Aim of the exercise — From start to end, write out the following data exactly, apart from its images.

Given material —
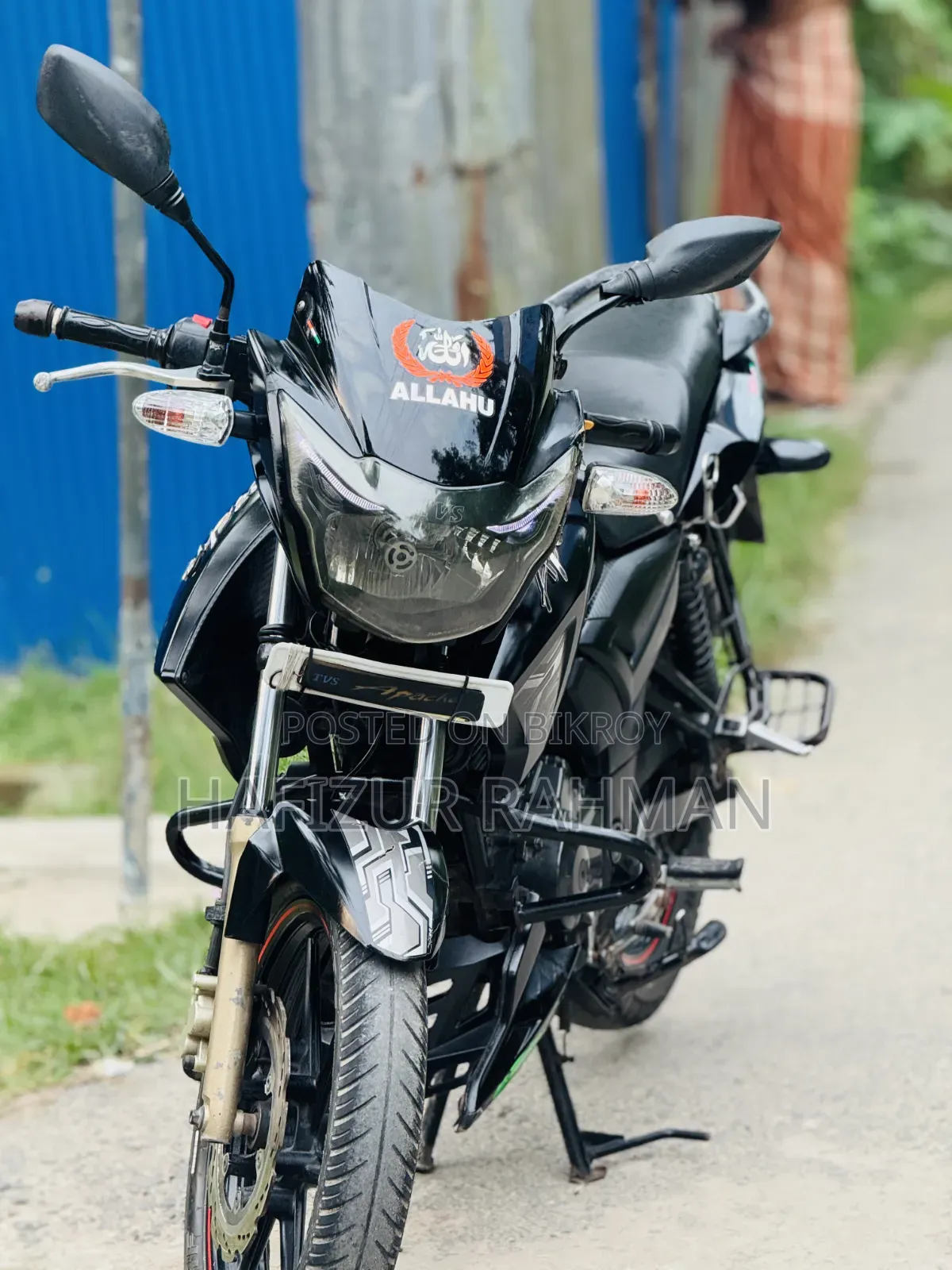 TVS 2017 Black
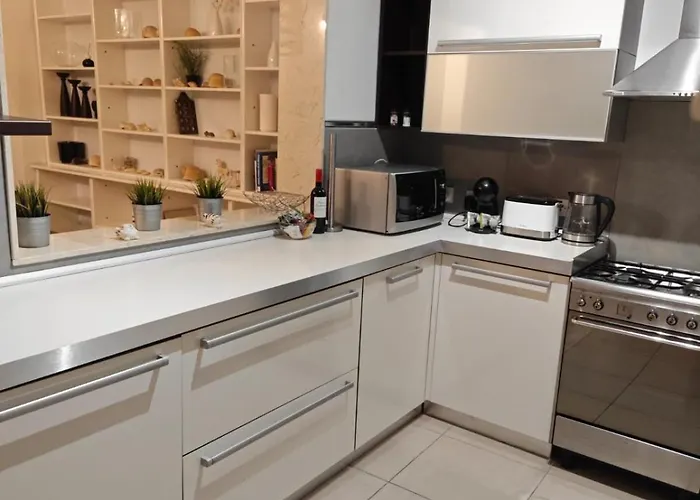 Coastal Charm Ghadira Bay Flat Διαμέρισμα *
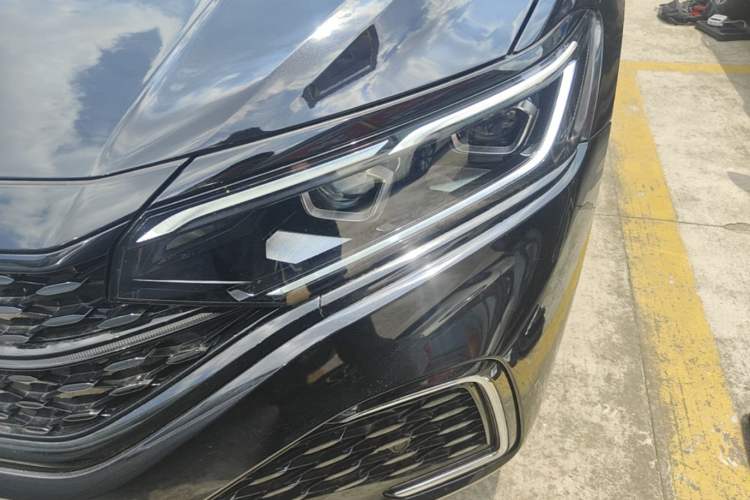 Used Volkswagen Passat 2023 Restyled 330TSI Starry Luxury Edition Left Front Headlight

Response area —
 TVS 2017 Black
 Coastal Charm Ghadira Bay Flat Διαμέρισμα *
 Used Volkswagen Passat 2023 Restyled 330TSI Starry Luxury Edition Left Front Headlight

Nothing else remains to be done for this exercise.